As the years have gone by, the anger has left me, transforming to a kind of dejected helplessness for a time, with a sense that my support or caring doesn't really matter due to the depth of my powerlessness and that my story, no matter how moving, is small in the huge world of human suffering. Yet I feel chunks of that now giving way to something different and more peaceful. I can't do everything, it is true. And as wonderful as he was, Joseph was a small boy in a great big world, a sad story in a wilderness of suffering and bleakness. But there is this little something now, coming to me. I can comfort. I can care. I can make it as good as it is possible to be under the reality of what it actually is. Not everyone has to know about Joseph to know what we have been through has done for me nor to be touched by the blessings of his life, illness and death. It doesn't have to be so in-your-face for me to be honoring him, honoring myself, utilizing what is left now that he is gone. The depth or seriousness of a patient's diagnosis truly does not matter. What matters is another human being is fearful or sorrowful or lonely - three of the most poignant, soul-stirring words in the English language, and that I have been given a brief chance with each of them to do something about it.
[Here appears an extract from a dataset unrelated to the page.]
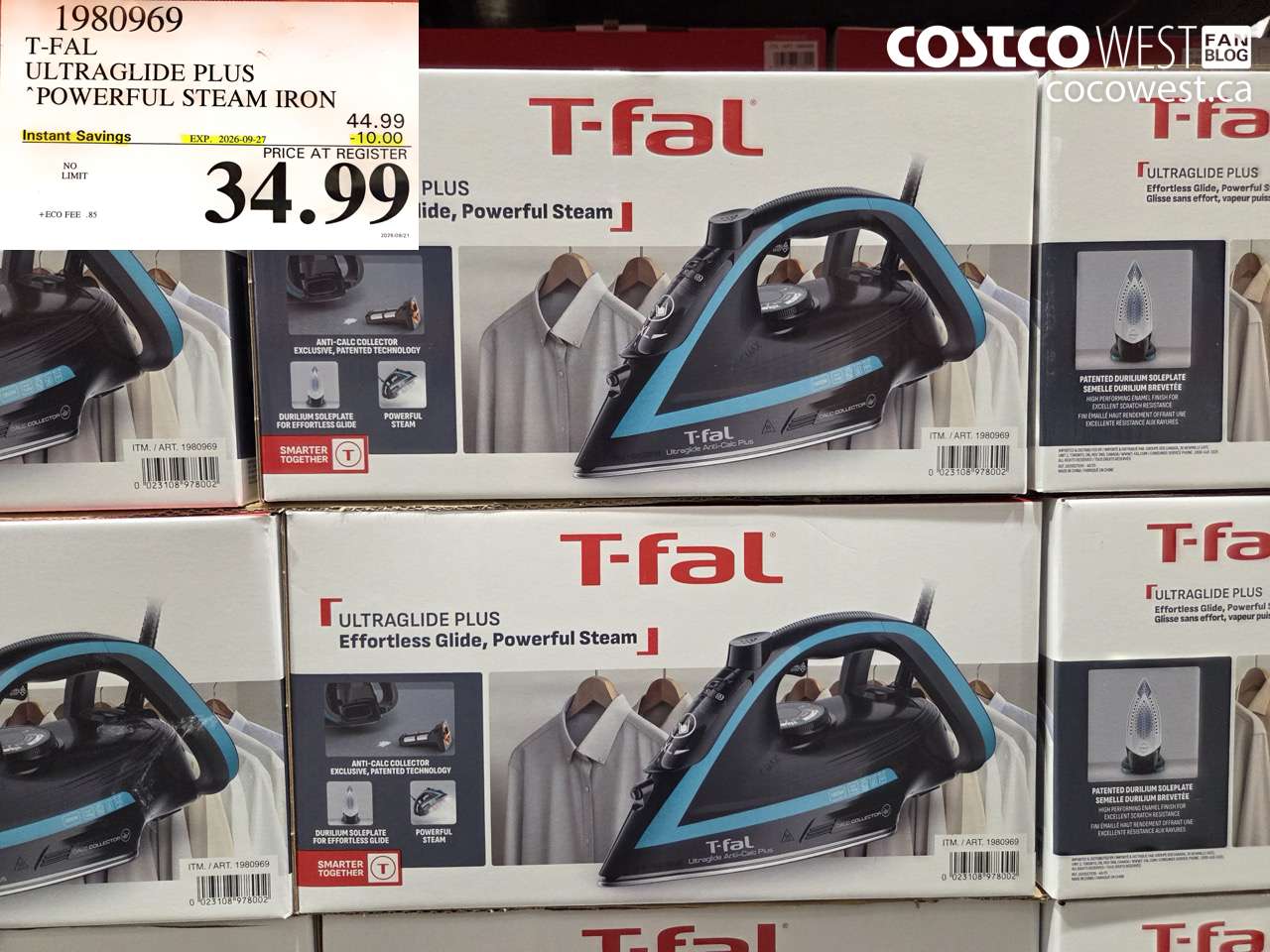 1980969 T-FAL ULTRAGLIDE PLUS POWERFUL STEAM IRON ($10.00 INSTANT SAVINGS EXPIRES ON 2026-09-27) $34.99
That they need to be heard and at this point in life, I am uniquely situated to hear them. But doing this requires I give up my need to be heard. This is difficult in some ways; there is this fear, you see, that Joseph is being forgotten, spurring a desire to speak of him in any situation to anyone who will listen. In other ways, it is validating and easy; no amount of talking, bitching, complaining, fighting, spitting, searching or crying has yielded a different answer for me. He is still gone. There is a kind of peace in accepting I don't have to speak to make him remembered and people don't have to know his name or even his story to be touched by him. He is in ME. If I manage to touch someone, then they have been touched by Joseph by proxy. I can embody those things I admired in my son and go forward secure that I carry him not just in my heart, but in my actions.

Nobody ever felt heard or understood by someone insisting on prattling on about their own situation, no matter how similar, no matter how moving. People need silence, the center light, undivided attention. If I am going to be the nurse I want to be, I have to let go of this childish need to plunk Joseph into the middle of what I am doing at any given opportunity. I must let someone else's suffering occupy that spot. On some level I am learning it is okay for me to do that. It doesn't lessen his place in what I am doing. If anything, it amplifies it. In holding him softly, I hold him close.